A reação dos outros espias, porém, foi
bastante contraditória e mostra que percepção eles de fato tiveram de tudo
aquilo que haviam visto em Canaã: “Não podemos subir contra aquele povo, porque
é mais forte do que nós. E diante dos filhos de Israel, infamaram a terra que
haviam espiado, dizendo: A terra pelo meio da qual passamos a espiar, é terra
que devora os seus moradores; e todo povo que vimos nela são homens de grande
estatura. Também vimos ali gigantes (os filhos de Enaque são descendentes de
gigantes) e éramos aos nossos próprios olhos como gafanhotos, e assim também o
éramos aos seus olhos” (vs. 31-33). Logo, dentro de um mesmo contexto e
situação, pessoas diversas possuíam visões totalmente diferentes e contrárias
uma da outra. Por que isso aconteceu?
Conforme aprendemos sobre a
perspectiva em Gestalt, a visão que temos de um objeto é um dado importante
para a compreensão do comportamento humano. Para os gestaltistas “entre o
estímulo que o meio oferece e a resposta do indivíduo, encontra-se o processo
de percepção” (BOCK, p. 60). Foi justamente esta percepção que determinou o
comportamento daqueles espias. Mas por que alguns se animaram diante do que
viram enquanto outros agiram com medo e se negaram a possuir aquela terra? Os
espias medrosos, por assim dizer, basearam a sua visão em traumas passados e
imagens equivocadas que vinham construindo de si durante longos anos. Vale
salientar que aqueles homens estavam acostumados a uma vida de escravidão no
Egito, onde eles eram considerados apenas como objetos, como mão de obra nas
construções faraônicas. Eles, na verdade, não possuíam valor algum. Quando
espiaram Canaã e se depararam com gigantes, esse sentimento de inferioridade
veio à tona e acionou um gatilho em sua mente que afirmava que eles jamais
conseguiriam sobrepujar aquele povo e tomar a sua terra. Eles foram
condicionados a agir como escravos, como “nadas” e as suas ações se baseavam
ainda nessa ideia preconceituosa: Eles são fortes, nós somos fracos.

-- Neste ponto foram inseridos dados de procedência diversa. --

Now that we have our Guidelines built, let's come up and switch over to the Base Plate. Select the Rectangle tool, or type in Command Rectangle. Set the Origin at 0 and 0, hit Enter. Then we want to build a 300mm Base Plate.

A prova de que as ações daqueles
homens e daquele povo eram determinadas por uma visão distorcida de si mesmos,
construída com o passar dos anos, está nos versículos posteriores, no capítulo
14. O desânimo dos espias contagiou toda a congregação, que regressou mentalmente
à época em que ainda eram escravos e desejaram voltar às cadeias e ao trabalho
forçado. Eles diziam: “Não nos seria melhor voltarmos para o Egito?” (14:3).

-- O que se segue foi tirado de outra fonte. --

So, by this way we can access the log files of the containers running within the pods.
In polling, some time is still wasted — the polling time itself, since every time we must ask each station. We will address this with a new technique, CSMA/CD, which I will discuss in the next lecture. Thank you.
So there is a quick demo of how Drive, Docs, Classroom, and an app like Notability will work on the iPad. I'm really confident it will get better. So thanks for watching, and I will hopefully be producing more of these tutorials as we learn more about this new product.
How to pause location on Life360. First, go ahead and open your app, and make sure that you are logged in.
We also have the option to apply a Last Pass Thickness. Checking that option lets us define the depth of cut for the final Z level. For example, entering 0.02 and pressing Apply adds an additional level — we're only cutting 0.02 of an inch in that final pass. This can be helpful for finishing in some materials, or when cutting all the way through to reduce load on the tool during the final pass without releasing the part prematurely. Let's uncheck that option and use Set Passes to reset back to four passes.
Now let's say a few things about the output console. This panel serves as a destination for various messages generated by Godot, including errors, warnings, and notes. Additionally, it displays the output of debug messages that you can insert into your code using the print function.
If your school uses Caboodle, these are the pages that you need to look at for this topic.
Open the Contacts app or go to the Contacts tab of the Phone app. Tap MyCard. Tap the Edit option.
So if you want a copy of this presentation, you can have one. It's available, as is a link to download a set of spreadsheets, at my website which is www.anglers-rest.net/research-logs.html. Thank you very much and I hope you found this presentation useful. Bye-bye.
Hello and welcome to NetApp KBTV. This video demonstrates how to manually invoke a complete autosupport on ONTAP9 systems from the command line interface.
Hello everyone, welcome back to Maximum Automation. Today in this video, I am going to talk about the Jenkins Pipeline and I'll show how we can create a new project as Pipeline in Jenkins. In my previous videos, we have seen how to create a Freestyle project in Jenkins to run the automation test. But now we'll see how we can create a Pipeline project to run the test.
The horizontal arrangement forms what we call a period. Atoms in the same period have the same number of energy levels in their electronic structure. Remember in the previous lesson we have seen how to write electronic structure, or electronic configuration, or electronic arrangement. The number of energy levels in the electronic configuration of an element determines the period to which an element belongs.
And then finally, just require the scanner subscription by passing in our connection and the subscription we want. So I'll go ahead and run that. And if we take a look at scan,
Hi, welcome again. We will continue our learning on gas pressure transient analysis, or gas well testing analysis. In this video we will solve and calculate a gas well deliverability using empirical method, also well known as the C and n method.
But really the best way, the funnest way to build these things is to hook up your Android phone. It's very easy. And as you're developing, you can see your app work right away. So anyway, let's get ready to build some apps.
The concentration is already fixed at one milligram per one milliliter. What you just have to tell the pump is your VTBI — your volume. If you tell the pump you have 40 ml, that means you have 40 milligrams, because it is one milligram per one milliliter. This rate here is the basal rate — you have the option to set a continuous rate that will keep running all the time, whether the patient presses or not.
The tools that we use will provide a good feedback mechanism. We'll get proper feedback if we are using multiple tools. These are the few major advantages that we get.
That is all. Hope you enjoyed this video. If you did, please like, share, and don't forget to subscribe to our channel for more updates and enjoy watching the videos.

Agora, a percepção errada dos espias passava a fazer parte de uma mentalidade
coletiva que, diga-se de passagem, não havia presenciado nada, mas apenas agido
de acordo com as percepções dos outros. Na verdade, eles ainda não se sentiam
um povo liberto, mas cativo. O cativeiro estava cravado em suas mentes.
Mas ainda havia o grupo daqueles que
regressaram animados de Canaã e desejavam tomar para si aquela terra. Eram
Josué e Calebe, que rasgaram suas vestes como demonstração da sua indignação e
disseram: “A terra pelo meio da qual passamos a espiar é muitíssimo boa. Se o
Senhor se agradar de nós nos fará entrar nessa terra, e no-la dará: terra que
mana leite e mel” (vs. 7,8). Ainda assim, a congregação disse que os
apedrejassem. O seu medo era maio que as promessas de Deus, maior que a certeza
de que aquela terra já era deles e não havia motivos para se preocuparem. Josué
e Calebe, tendo a imagem da realidade livre da influência do passado escravo,
estavam motivados a prosseguir.
O que percebemos, então, é que
inúmeros fatores podem influenciar na percepção que temos das coisas. Uma mesma
figura – ou situação – pode ser vista de maneiras diferentes por pessoas
distintas e tudo dependerá de quais fatores influenciadores estão agindo no
momento: traumas, complexos, preconceitos, aprendizado desvirtuado da
realidade, mensagens distorcidas, baixa autoestima, falta de fé (como
claramente estava presente naqueles homens), desconfiança, conformismo, apatia.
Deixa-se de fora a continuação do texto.